Stun guns, or electroshock weapons, work by delivering an electric shock which inflicts pain and disrupts muscle function for a short period of time. This will briefly immobilize the threat and buy you precious time during an attack. Further shocks can be delivered without risk of serious injury.
Whilst there have been deaths attributed to such weapons, in the vast majority of cases the fatality has been linked to underlying health conditions and so stun guns are still classified as less-than-lethal or non-lethal weapons. If you live in an area where stun guns are legal to own, consider including one or more within your protective security strategy, but as with any weapon be mindful that anything you use can also be used against you.
Large, heavy-duty flashlights are excellent tools for home defense as they are dual purpose: they produce a blinding light and can also be used as a defensive weapon. They are also relatively easy to deploy in confined spaces, such as hallways, and don’t represent a risk to younger family members if placed strategically around the home.
Personal Attack Alarms
Although often not considered for home defense purposes, and certainly not as weapons, personal attack alarms are excellent additions to any home security plan. The reasons behind this are quite straightforward: the very loud noise produced, some models reaching 130 decibels, is very disorientating. It also raises the alarm, and often induces panic in attackers. So, although these items don’t offer physical protection, they are effective and should considered when planning for home defense.
Baseball bats and similar objects can be employed as impact weapons which will cause severe blunt trauma at and around the impact site. Whilst this can be very effective in fending off an attack, and as a deterrent, there are practical issues to consider.
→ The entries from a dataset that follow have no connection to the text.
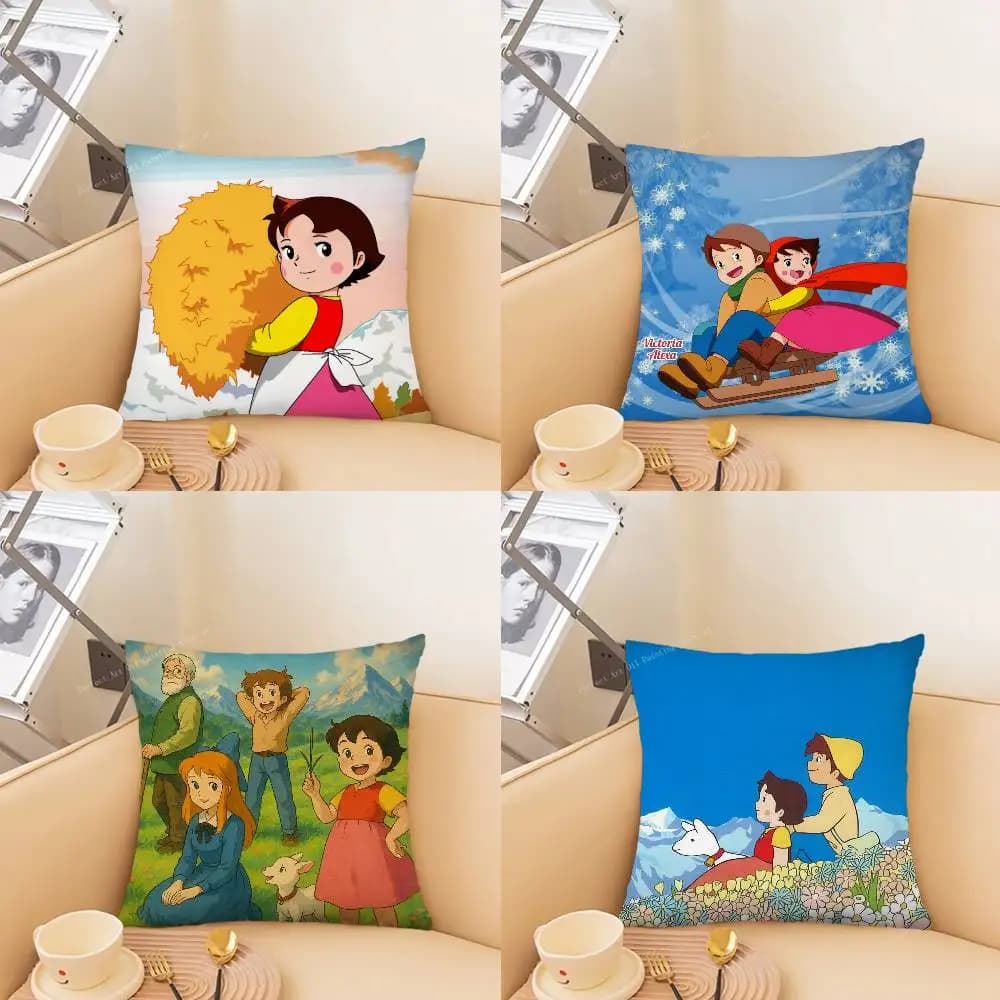 Japanese Anime Movie H-Heidi Pillow Case Fashion Square Pillowcase Bedroom Sofa Room Ins Decoration Leisure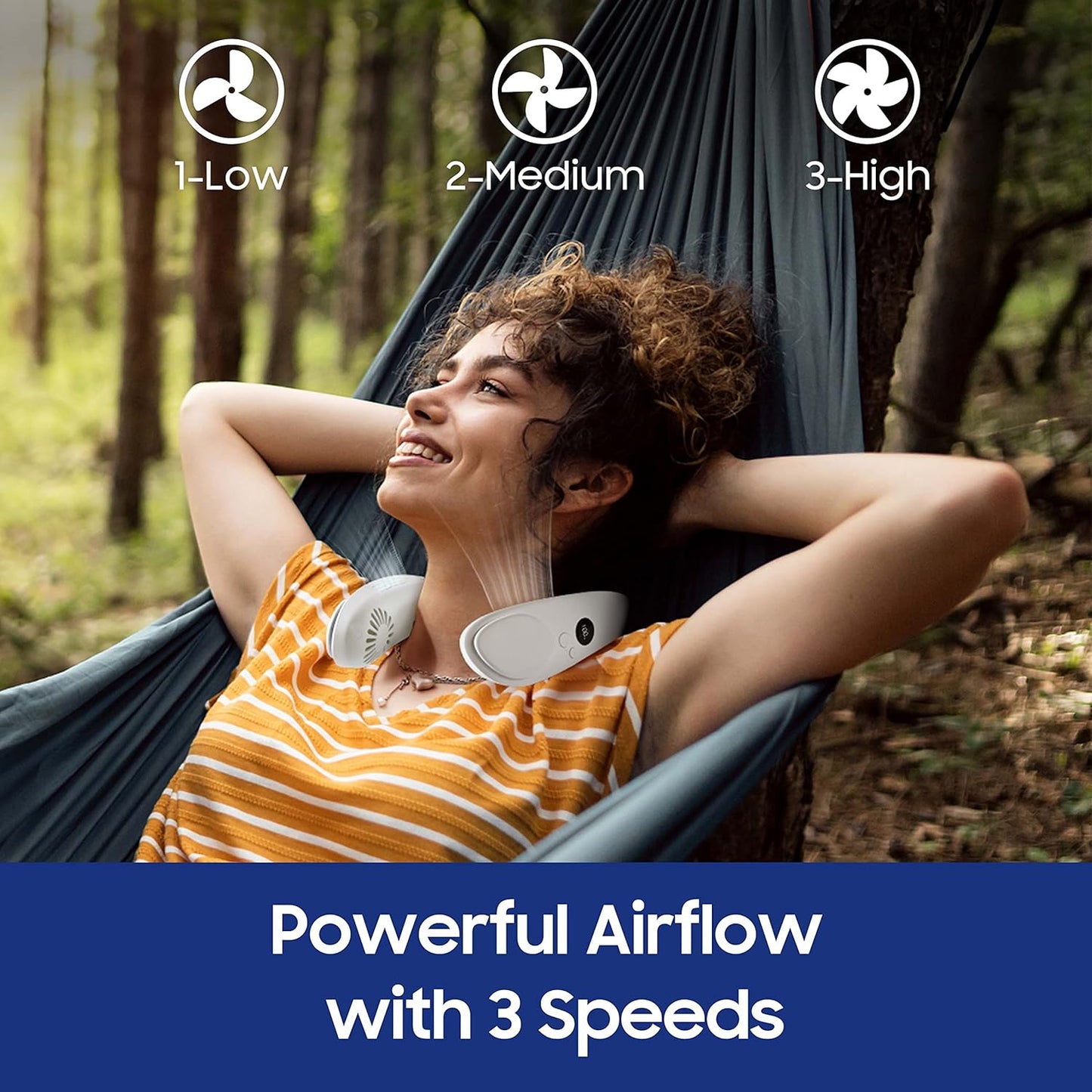 2-in-1 Cooling Neck Fan – Portable Rechargeable Wearable Air Conditioner with 4400mAh Battery – Navy Blue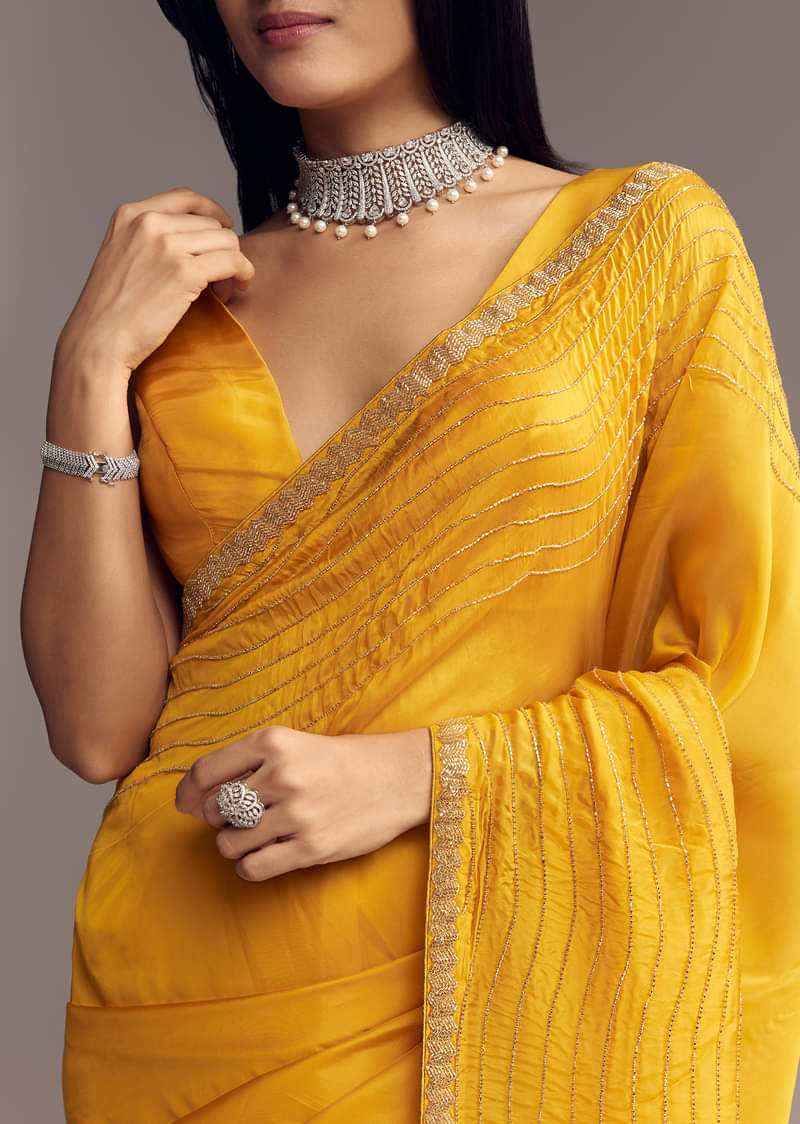 Mustard Yellow Organza Saree With Scallop Border And Stone Work - Image 3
A bat generally needs to be swung to develop enough energy to be effective as a weapon. Does your home have space for this at likely points of entry? Do you have the physical strength to use a weapon in this way, and enough strength to retain it in a skirmish? If the answer to either is no, consider other options. Remember that the mere presence of a weapon will not protect you, it must be employed.
The Weaponised Mindset
A key mistake made by lots of people when planning for home defense is reliance on weapons alone. A weapon is rendered useless if you freeze, and having a weapon doesn’t mean you won’t. In addition, are you physically and mentally capable of employing that weapon effectively? This is a far bigger problem than many people realize when they purchase weapons and thereafter consider themselves safe, but it is not an insurmountable one. To counter this you need to prepare yourself in advance by employing the following techniques:
- Visualize different threat scenarios in detail and the countermeasures you will employ.
- Practice using your defensive weapons tactically.
- Run dry drills to identify weaknesses in your planning and develop contingency plans.
- Brief your family on what to do in given scenarios to reduce distractions, and your workload, during an actual attack.
- Finally, reinforce the notion in your own mind that you will defend your home by all means necessary. This means that you will work your plan and if the plan isn’t working, you’ll change it and keep moving forward toward a successful outcome.
When considering non-lethal weapons for home defense, ensure your planning is realistic, effective, and tailored to your individual needs and capabilities. Know your local laws, know your weapons and, most importantly, know that you will act when the time comes.